05/4/21

Coming back to life

Over the course of the tumultuous last 14 months, our blog has fallen by the wayside. With virtual school, virtual opera, virtual consulting, and roaming the wilderness as we were able, something had to give. We miss our people, online and off, and drew tightly into our own little family sphere, wearing deep groove patterns into our habitual paths. (I’m surprised we haven’t worn a hole in the floor in front of the coffee machine!) We simply gave up, on so many commitments. The exhaustion of steering this huge crew through this pandemic was simply too much.

Then the adults got vaccinated, and all breathed a sigh of relief. We still are a bit fuzzy on what feels okay, but we’ve returned to eating in small restaurants, and outdoor play dates. School moved to hybrid a few weeks ago, and we started performing live in a theater about the same time. It felt shocking, and exciting, and terrifying to contemplate our next chapter. We’ve decided all outdoor activities (that don’t involve a horde!) are cool for adults, and activities with one or two other families is ok for the kids.

School was tricky; it came down to weighing the risk of unpredictable returns home against the joy of returning to friends and normalcy. In the end, we felt the risk of disrupting their schedule so close to the end of the year wasn’t worth it. As we felt at the beginning of the year, there’s simply no “right” answer. We went with what would be easiest for the kids. At least one of them is very worried about COVID; this choice gives us more time to address that anxiety.

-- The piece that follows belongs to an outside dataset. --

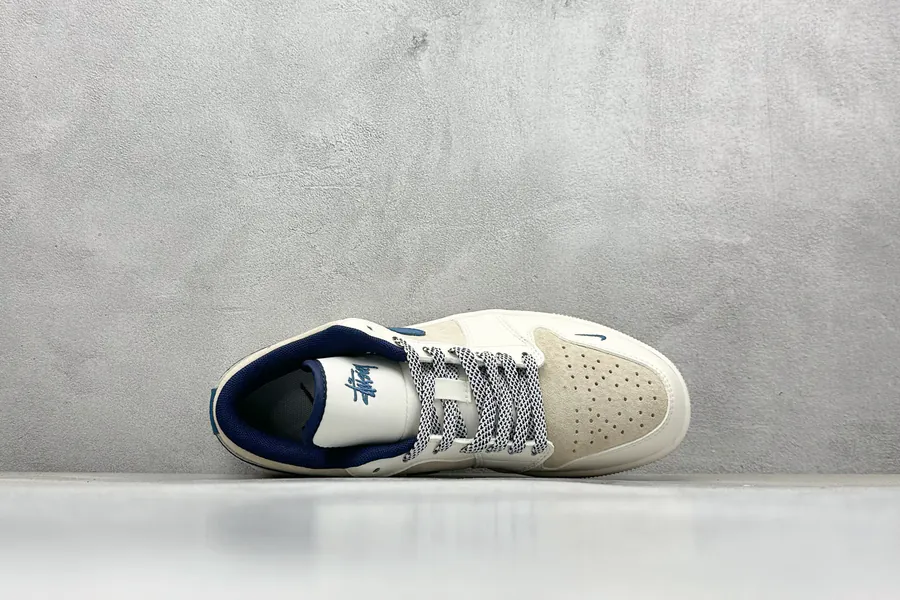 Air Jordan 1 Retro Low x Stussy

As winter loomed, I remember feeling quasi desperate. How would we possibly survive so many months without our outdoor living room?! We bought adult snowsuits and set up the garage, but it’s a lot harder for kids. As the weather warms up, we’re thrilled to let them at the playground again, let them chat with the neighbor kid and start private tae kwon do classes. We may not be back in school, but we are coming back to life a step at a time.

So as we slowly re-examine and commit to what our new normal will look like, until the kids can get vaccinated anyway, we are so grateful for sunshine, understanding friends, and the umpteen joys of a Wisconsin summer. On our first hot day, the kids went skinny dipping in the pond at Sassy’s house after lunch. They got filthy, laughed their heads off, and demanded a golf cart ride and multiple desserts, which Sassy happily provided. With a summer like that ahead, who can complain?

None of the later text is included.